Surfing the internet with my best friend since high school,
I say, “How about Bonnie, that girl you were in love with in our class?”

To which he responds, “You mean Bonnie Franke?”

“Yeah, she’s the one!” I answer.

“You’d have to look under Bonnie Brumfield,
because that’s her married name,” he says.
“I wrote to her about ten years ago and she wrote back.
She lives near Sacramento. Has two grown kids
and works for H & R Block, if I remember correctly. . .”

So I type in Bonnie Brumfield from Sacramento
and it comes up, “Bonnie Brumfield obituary.”

I look at my friend’s face and see that he’s stunned.

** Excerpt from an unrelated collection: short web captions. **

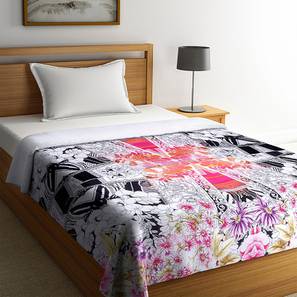 Bedroom Furniture In Alappuzha Design Multicolor Floral 200 GSM Cotton Single Size Quilt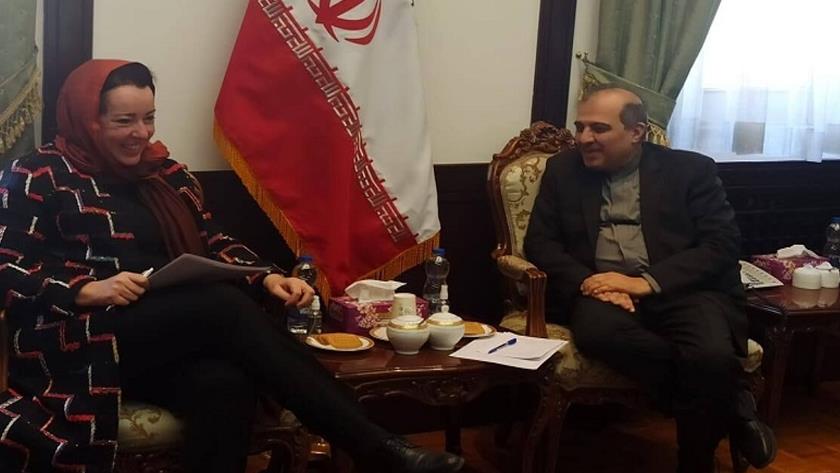 Iranpress:  Iran FM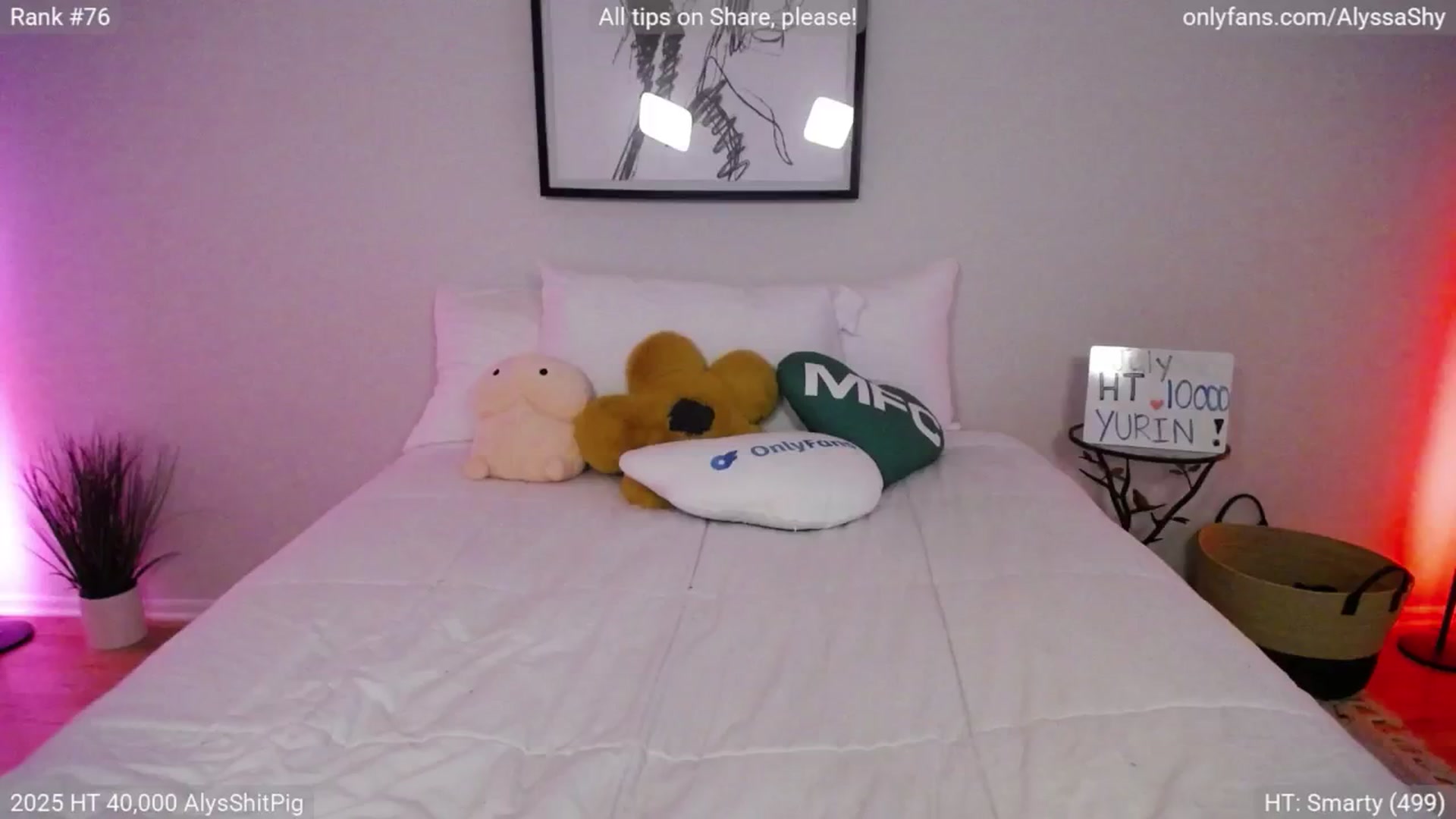 Gallery image thumbnail from AlyssaShy's myfreecams stream on, 07/26/2025, 24:03 image 5 of 20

When I click on it, there’s a recent picture of Bonnie
along with the obituary, which says she passed away
at the age of 58 from liver cancer.

“How sad is that!” I say to my friend, who silently stares at her picture,
probably remembering how she was during our high school days
when such things could never happen to a girl we loved. . .


Bionote

Jeffrey Zable’s poetry, fiction, and non-fiction has appeared in hundreds of literary magazines,
anthologies, and newspapers since the mid-70’s. Present or upcoming writing in Coe Review,
Kentucky Review, Tule Review, Serving House Journal, Lullwater Review, Third Wednesday,
After The Pause, Chaos Poetry Review, Mas Tequila, Flint Hills Review 2015 Rhysling Award Anthology
and many others.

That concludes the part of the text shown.